_Task statement_
The material below includes pictures; leave them out and return only the lines between the line containing "Fig & Spices 200g soap" and the line containing "PŁYN CZYSZCZĄCY DO", inclusive, word for word.

_Stored data_
:::

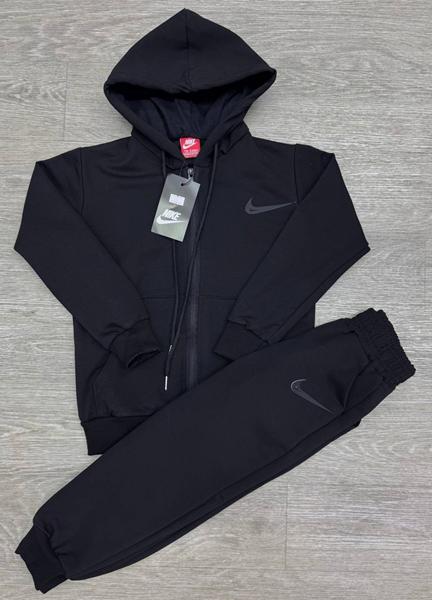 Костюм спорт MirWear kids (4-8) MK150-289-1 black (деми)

:::

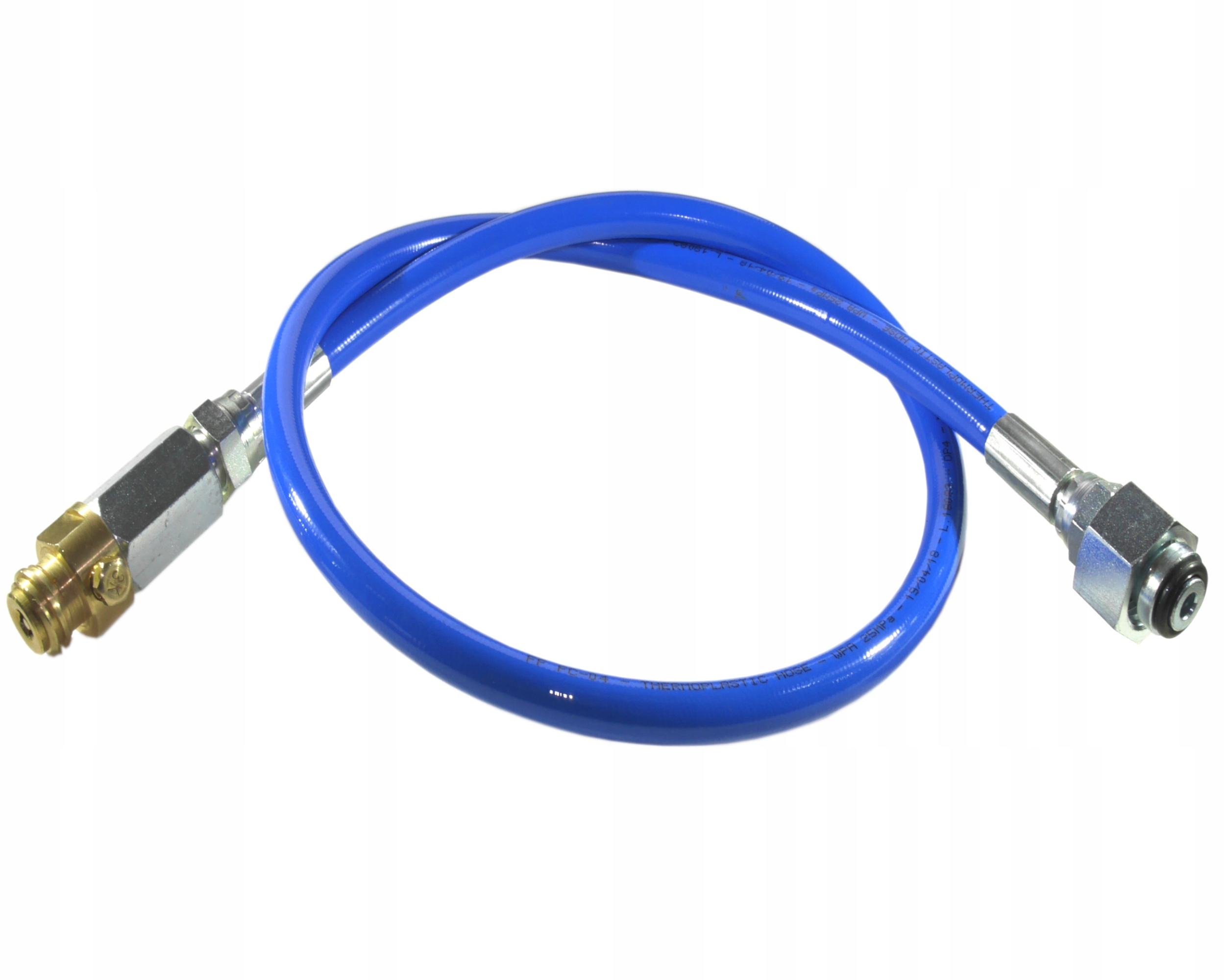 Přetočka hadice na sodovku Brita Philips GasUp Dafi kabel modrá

:::

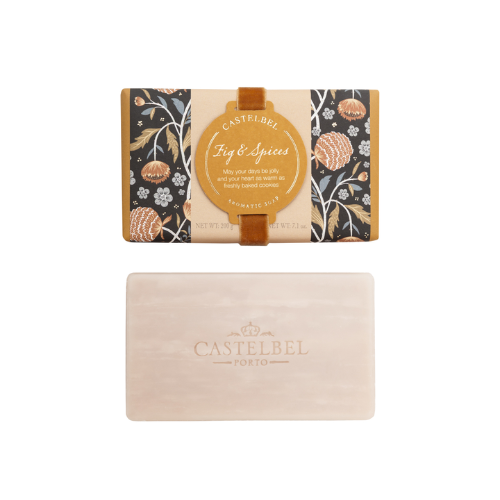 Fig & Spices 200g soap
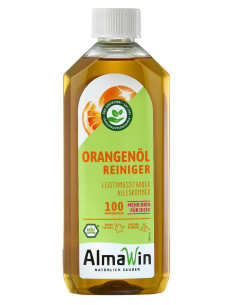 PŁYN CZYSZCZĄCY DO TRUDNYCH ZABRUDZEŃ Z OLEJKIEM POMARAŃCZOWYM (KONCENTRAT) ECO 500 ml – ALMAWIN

:::

_Response for this exercise_
 Fig & Spices 200g soap
 PŁYN CZYSZCZĄCY DO TRUDNYCH ZABRUDZEŃ Z OLEJKIEM POMARAŃCZOWYM (KONCENTRAT) ECO 500 ml – ALMAWIN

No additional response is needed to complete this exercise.